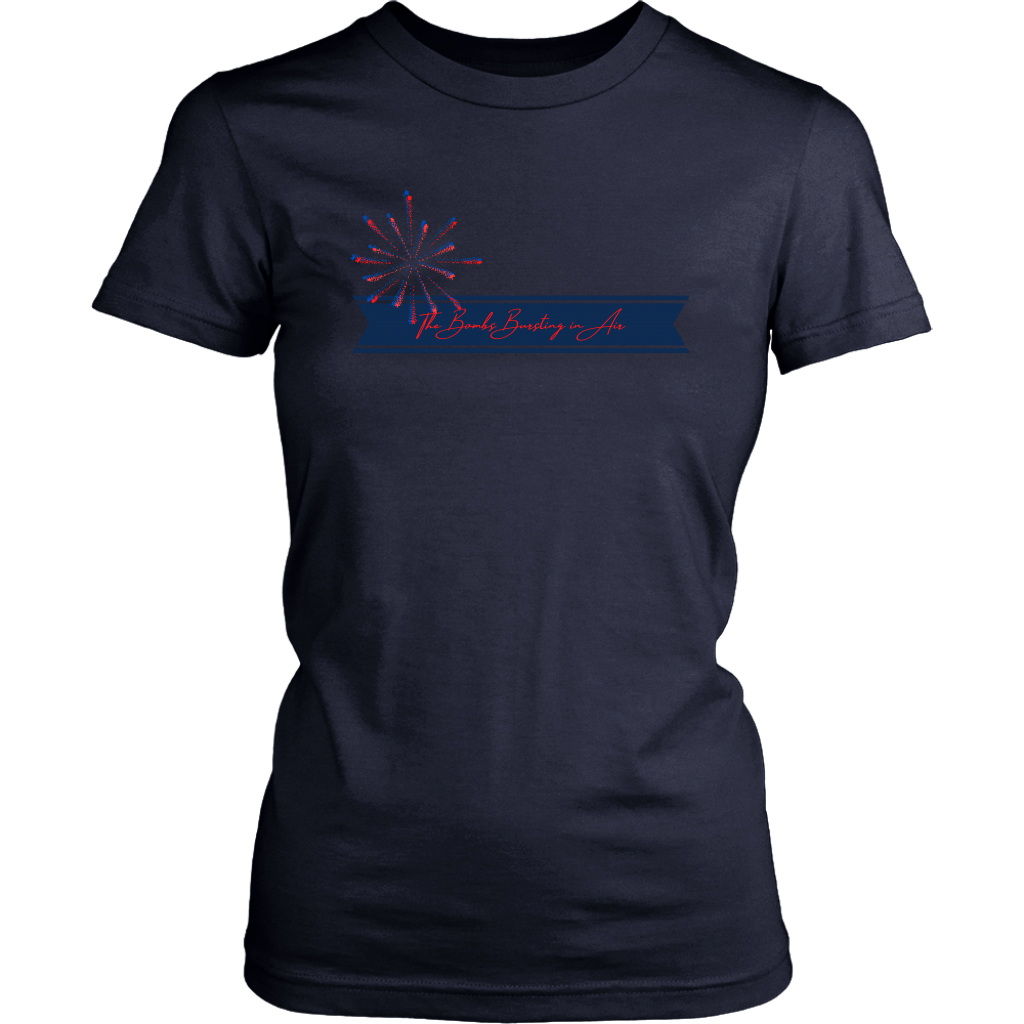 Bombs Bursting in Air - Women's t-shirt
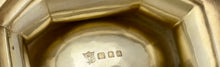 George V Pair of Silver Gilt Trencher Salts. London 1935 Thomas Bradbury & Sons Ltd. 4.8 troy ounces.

————

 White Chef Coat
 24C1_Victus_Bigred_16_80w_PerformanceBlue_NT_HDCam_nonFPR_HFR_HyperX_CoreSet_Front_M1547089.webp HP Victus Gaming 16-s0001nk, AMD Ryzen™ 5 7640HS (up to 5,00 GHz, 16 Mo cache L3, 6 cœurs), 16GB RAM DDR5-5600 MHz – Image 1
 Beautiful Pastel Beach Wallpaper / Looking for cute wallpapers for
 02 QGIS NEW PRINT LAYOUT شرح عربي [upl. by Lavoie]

————

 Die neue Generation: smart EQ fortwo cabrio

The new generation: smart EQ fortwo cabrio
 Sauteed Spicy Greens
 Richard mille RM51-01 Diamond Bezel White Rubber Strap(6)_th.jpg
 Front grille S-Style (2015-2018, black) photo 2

————

Look above for the line holding "Die neue Generation: smart EQ fortwo cabrio", then set down exactly that line and every line after it up to and including the line holding "Front grille S-Style", with nothing else.

 Die neue Generation: smart EQ fortwo cabrio

The new generation: smart EQ fortwo cabrio
 Sauteed Spicy Greens
 Richard mille RM51-01 Diamond Bezel White Rubber Strap(6)_th.jpg
 Front grille S-Style (2015-2018, black) photo 2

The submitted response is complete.